L'Apocalypse est un genre littéraire à part entière. Un autre Pierre, l'apôtre, avait livré la sienne, apocryphe, au IIe siècle. Celle de Pierre Bordage s'inscrit dans la continuité de son Évangile du Serpent, période à laquelle un personnage du roman fait référence au passage. Elle est bien loin cette respiration messianique où tout semblait encore possible, où le pire pouvait encore être évité. Le messie de l'Aubrac est mort en vain. L'Apocalypse de Bordage, c'est le choc des civilisations, plus appelée de ses vœux que redoutée par un Samuel Huntington, le monde rêvé des néoconservateurs, des télévangélistes et des marchands de canons américains, chaos fécond érigé en gouvernance de l'humanité. Le règne de la bête... humaine. Les fils de Bush ont détourné la colère de l'Islam contre l'Europe. Une abominable guerre de tranchées se déploie depuis la baltique jusqu'au Bosphore. Du fond de son bunker, l'archange Michel règne sur une Europe malade des pires fièvres racistes, en proie aux embrigadements religieux, aux délires sécuritaires, à la régression moralisante.

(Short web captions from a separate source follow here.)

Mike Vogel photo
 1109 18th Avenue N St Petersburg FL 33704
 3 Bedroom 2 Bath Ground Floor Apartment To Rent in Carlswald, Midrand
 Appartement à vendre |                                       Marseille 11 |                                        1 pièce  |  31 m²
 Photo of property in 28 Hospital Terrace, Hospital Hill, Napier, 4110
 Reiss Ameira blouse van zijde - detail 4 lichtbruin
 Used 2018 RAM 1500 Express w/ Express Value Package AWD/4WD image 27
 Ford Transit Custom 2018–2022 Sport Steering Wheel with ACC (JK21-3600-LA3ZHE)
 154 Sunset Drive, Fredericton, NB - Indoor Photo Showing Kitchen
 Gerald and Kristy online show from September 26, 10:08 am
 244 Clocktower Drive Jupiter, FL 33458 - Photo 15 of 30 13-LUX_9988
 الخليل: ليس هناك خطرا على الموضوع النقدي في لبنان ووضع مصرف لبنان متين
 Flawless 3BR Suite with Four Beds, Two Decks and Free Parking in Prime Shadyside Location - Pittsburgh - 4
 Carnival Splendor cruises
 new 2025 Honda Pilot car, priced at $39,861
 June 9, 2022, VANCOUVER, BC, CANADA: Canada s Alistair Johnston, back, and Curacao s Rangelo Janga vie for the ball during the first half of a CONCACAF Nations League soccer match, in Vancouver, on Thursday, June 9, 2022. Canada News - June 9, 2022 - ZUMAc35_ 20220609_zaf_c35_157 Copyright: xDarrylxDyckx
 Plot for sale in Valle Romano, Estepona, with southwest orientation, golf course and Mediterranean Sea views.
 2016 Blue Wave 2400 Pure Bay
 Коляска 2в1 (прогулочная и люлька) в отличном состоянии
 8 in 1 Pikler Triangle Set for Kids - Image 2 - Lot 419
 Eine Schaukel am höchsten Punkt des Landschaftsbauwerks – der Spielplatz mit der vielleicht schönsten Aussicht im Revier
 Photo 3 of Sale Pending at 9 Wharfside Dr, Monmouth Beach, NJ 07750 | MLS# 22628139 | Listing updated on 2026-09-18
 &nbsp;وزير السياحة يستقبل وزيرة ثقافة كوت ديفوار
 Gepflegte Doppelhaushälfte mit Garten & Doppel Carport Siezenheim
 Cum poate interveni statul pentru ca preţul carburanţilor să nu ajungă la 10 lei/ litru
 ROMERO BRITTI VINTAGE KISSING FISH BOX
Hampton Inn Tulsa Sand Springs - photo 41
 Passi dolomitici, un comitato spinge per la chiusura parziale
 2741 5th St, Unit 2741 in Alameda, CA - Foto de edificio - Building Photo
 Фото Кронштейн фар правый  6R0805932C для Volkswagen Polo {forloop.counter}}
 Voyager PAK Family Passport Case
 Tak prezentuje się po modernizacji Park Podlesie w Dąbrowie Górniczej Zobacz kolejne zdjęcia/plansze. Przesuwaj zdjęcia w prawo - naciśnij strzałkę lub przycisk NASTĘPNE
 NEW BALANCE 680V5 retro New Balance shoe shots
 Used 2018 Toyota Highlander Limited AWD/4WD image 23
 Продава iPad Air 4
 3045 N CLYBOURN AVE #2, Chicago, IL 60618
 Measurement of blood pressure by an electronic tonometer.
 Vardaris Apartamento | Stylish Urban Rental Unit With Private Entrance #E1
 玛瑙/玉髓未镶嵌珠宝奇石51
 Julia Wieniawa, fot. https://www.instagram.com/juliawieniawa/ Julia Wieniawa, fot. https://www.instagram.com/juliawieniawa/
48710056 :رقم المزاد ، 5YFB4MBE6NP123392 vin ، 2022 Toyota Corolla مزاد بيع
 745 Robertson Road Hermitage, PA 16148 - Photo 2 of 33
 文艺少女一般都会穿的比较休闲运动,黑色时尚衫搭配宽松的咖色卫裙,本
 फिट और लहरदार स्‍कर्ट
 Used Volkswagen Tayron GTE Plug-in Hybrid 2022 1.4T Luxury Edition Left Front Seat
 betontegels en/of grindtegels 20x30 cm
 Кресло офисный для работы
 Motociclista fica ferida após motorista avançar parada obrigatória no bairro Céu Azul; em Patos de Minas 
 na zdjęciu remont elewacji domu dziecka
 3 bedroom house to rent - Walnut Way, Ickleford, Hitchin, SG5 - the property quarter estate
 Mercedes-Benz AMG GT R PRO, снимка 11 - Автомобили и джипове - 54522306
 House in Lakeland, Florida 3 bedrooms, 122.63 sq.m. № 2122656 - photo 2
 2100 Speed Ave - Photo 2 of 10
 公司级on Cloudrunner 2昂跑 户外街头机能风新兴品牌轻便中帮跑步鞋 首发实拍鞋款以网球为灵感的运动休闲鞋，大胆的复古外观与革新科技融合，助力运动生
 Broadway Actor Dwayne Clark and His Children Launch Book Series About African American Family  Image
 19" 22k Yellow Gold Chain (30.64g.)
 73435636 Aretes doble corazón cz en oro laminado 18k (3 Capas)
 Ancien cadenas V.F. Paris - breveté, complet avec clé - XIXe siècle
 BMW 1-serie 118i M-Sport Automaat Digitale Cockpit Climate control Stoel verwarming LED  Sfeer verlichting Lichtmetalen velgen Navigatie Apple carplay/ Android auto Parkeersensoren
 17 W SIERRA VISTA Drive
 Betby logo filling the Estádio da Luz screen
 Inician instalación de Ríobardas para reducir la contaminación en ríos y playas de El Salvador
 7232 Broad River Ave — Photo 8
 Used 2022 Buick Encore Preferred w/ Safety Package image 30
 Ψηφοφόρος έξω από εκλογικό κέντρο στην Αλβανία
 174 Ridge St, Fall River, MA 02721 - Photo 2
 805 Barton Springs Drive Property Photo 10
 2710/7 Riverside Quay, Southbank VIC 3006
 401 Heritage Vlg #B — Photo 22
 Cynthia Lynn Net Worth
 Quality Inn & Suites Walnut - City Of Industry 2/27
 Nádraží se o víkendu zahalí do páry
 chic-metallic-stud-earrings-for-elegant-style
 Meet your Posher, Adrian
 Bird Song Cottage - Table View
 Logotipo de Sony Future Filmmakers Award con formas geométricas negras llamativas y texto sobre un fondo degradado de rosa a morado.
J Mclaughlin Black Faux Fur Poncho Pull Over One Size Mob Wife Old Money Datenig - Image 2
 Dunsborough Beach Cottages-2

Le regard de Bordage, doté d'une acuité quasi célinienne, traverse cette Europe depuis les confins occidentaux jusqu'à l'épicentre du phénomène, la ligne de front, où se brisent des millions de vies livrées en holocauste. Long travelling au milieu des hommes prisonniers de leurs cauchemars. Plongée terrifiante à travers les cercles infernaux de la barbarie incarnée, administrée. Une divine comédie, humaine, trop humaine... Désespéré Bordage ? Que non ! Qu'on lui donne un grain de sable et l'infernale machinerie n'en a plus pour longtemps. La main du destin largue une bombe sur un quartier de Nantes. Un adolescent, Pibe (prénom forgé avec les initiales de l'auteur), est projeté hors du cocon familial, sur un chemin qui se révélera, comme toujours chez Bordage, initiatique. Une initiation à la confiance, seul remède contre la peur, mère de toutes les abominations. Et ce qui doit être accompli le sera. L'humanisme de Bordage est un existentialisme, qui invite à se couler dans le présent et s'inscrit en faux contre l'anti-humanisme d'un Dantec. La rédemption est possible. L'Apocalypse génère des songes magiques ou des visions symboliques porteuses de révélation. À force de craintes, on peut engendrer les pires cauchemars. Là où d'autres se laissent submerger par leurs visions, fasciner, au risque d'une fascisation, par les fantasmes nés de leurs peurs, Pierre Bordage vise plutôt à prévenir la possible chute, à tuer cet ange de mauvais conseil qui demeure en chacun de nous, au plus profond du bunker cérébral.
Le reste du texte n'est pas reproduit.